Interpretações “sistêmicas”, apoiadas por teorias da “complexidade” e do “Antropoceno” como uma nova era na história humana, podem inadvertidamente obscurecer o papel e a ação efetiva de pessoas e grupos que controlam a economia e a política no mundo de hoje, que encontram uma desculpa fácil para declinar de suas responsabilidades nos destinos da humanidade.

Jason W. Moore, da Universidade de Binghampton, descreve o argumento do Antropoceno como “uma confusão conceitual e histórica, uma visão neomalthusiana da população, uma interpretação fantasiosa”. Não se trata apenas de uma palavra, mas de uma forma falsa de entender as coisas, afetando a comunicação, a advocacia, as políticas públicas, a pesquisa e o ensino.

É claro que os males que alguns estudiosos atribuem ao “Antropoceno” não são responsabilidade de toda a humanidade; os principais culpados, que têm o poder político e econômico para delinear as formas de produção e consumo e definir os estilos de vida, devem ser distinguidos da maioria da população, cujo poder para modificar as coisas não pode ser comparado com aqueles.

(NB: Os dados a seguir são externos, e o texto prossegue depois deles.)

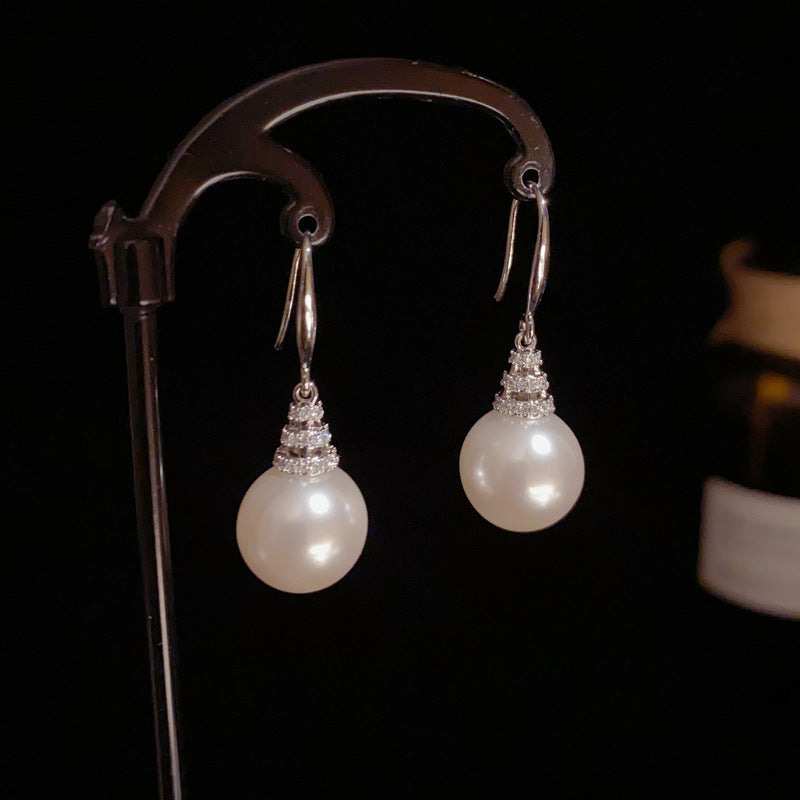 14K Gold-Plated Zircon Pearl Tassel Hook Earrings – Elegant Design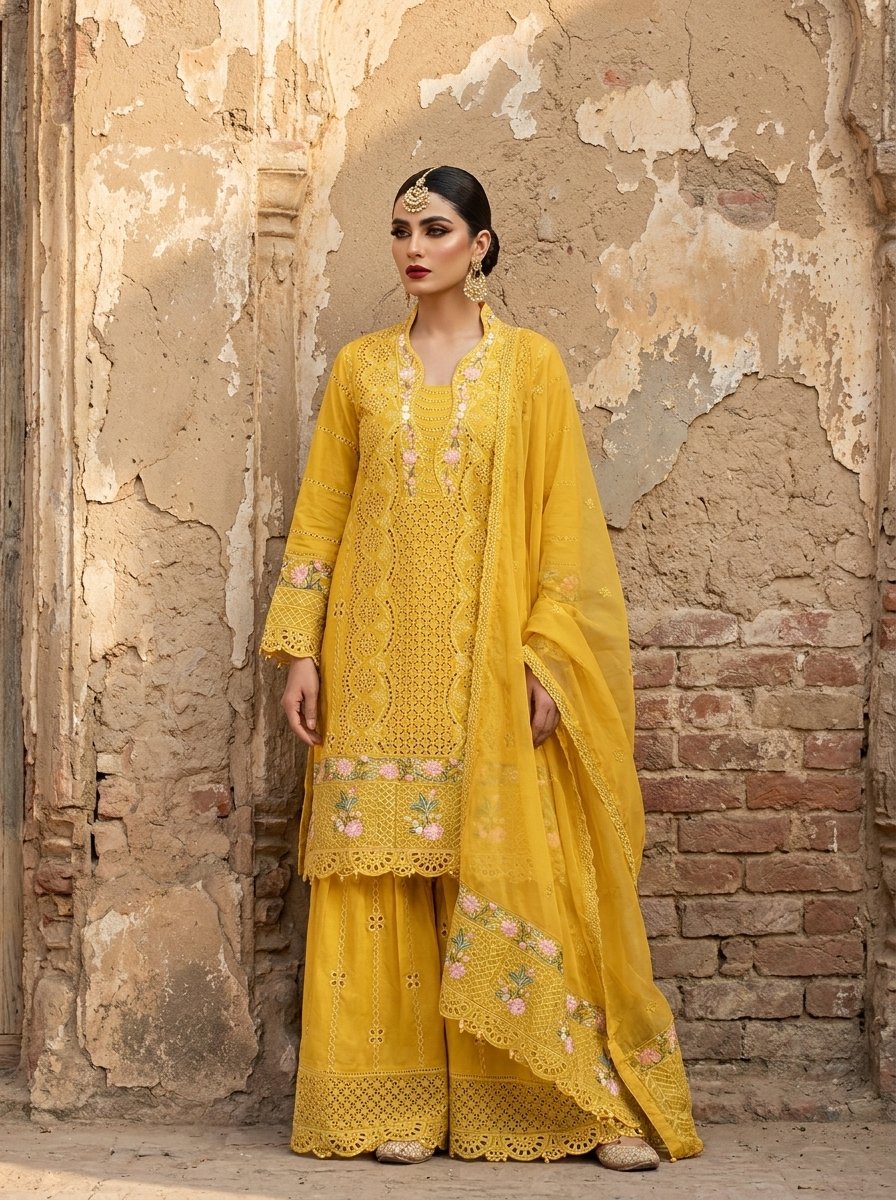 Ittefaq 3-Piece Summer Mustard Suit AR-26530 - Image 3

Se a responsabilidade for atribuída indiscriminadamente a toda a humanidade ou à complexidade da vida contemporânea (abordagens sistêmicas), os atores políticos e econômicos seriam exonerados de qualquer responsabilidade. Por exemplo, a coleta seletiva de resíduos não isenta os governos de estabelecerem normas relativas às embalagens dos produtos (cartões, sacos, plásticos etc.).

A proliferação de automóveis ou caminhões, a construção de rodovias, estão diretamente vinculadas a políticas públicas que abandonaram a locomoção sobre trilhos, o transporte público, nas cidades e entre cidades (passageiros e cargas), e que ainda é um meio de transporte concorrente em diferentes países do mundo. Cabe apenas aos cidadãos deixar os carros em casa?

“A ideia de que todos são culpados pelos danos aos ecossistemas e pelas alterações climáticas esconde os verdadeiros culpados”, diz S. Falzi. Segundo este autor, ecologista e negociador ambiental da ONU, estamos na época do “corporatoceno”, outro termo para o “capitaloceno”, ou seja, o capitalismo, como forma de organizar as relações de exploração homem-natureza.

Enquanto as políticas e práticas lucrativas permaneçam inalteradas (business as usual), uma série de problemas políticos, econômicos, sociais e ambientais se aglomeram e se agravam em todo o mundo e têm um efeito sinérgico, reforçando-se mutuamente. Isso definiria a atual era que alguns estudiosos classificam como a era do corporatoceno ou do capitaloceno.

Embora a “complexidade” implique diversidade, um grande número de partes interdependentes, tem sido reconhecido que o “todo” não controla inteiramente as suas partes. As pessoas têm sempre, em diferentes circunstâncias, a opção de cumprir ou opor-se, através dos seus pensamentos e ações, à cultura predominante, embora, em muitos casos, isso tenha um preço.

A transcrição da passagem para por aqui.